Records for the task:
==========

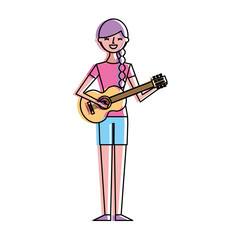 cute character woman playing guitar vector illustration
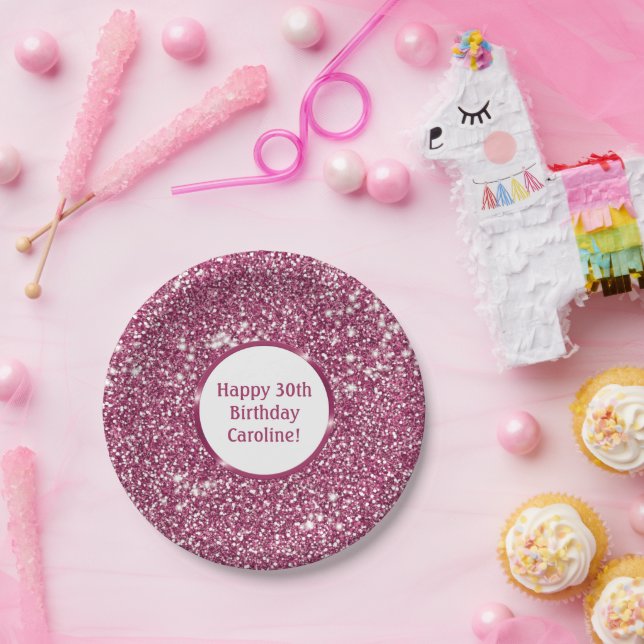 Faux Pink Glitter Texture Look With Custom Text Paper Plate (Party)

==========

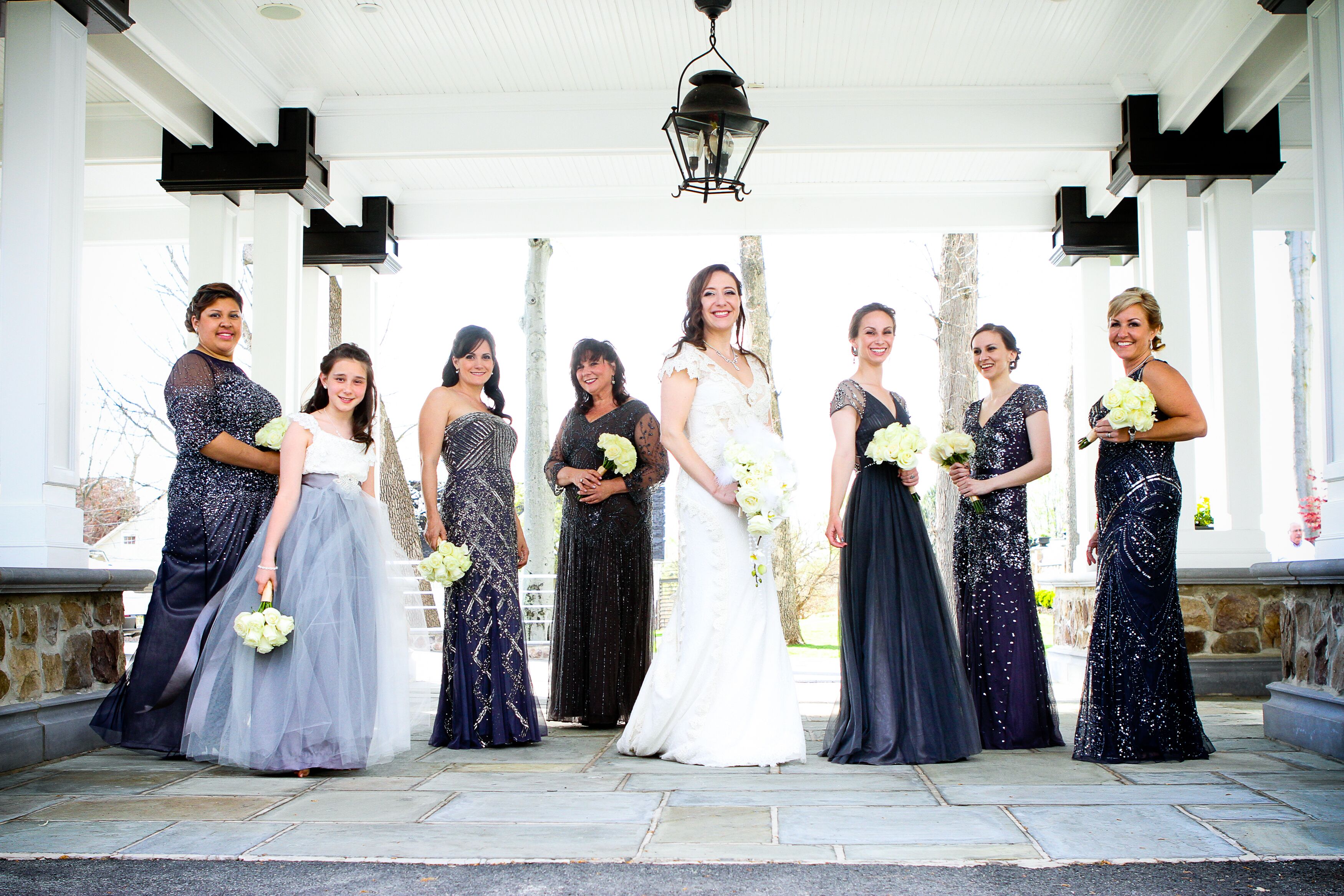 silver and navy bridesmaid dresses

==========

Directions for this task:
Copy exactly the material above from the line with "cute character woman" to the line with "Faux Pink Glitter", ends included, and nothing else. Leave out any picture.

Result:
 cute character woman playing guitar vector illustration
 Faux Pink Glitter Texture Look With Custom Text Paper Plate (Party)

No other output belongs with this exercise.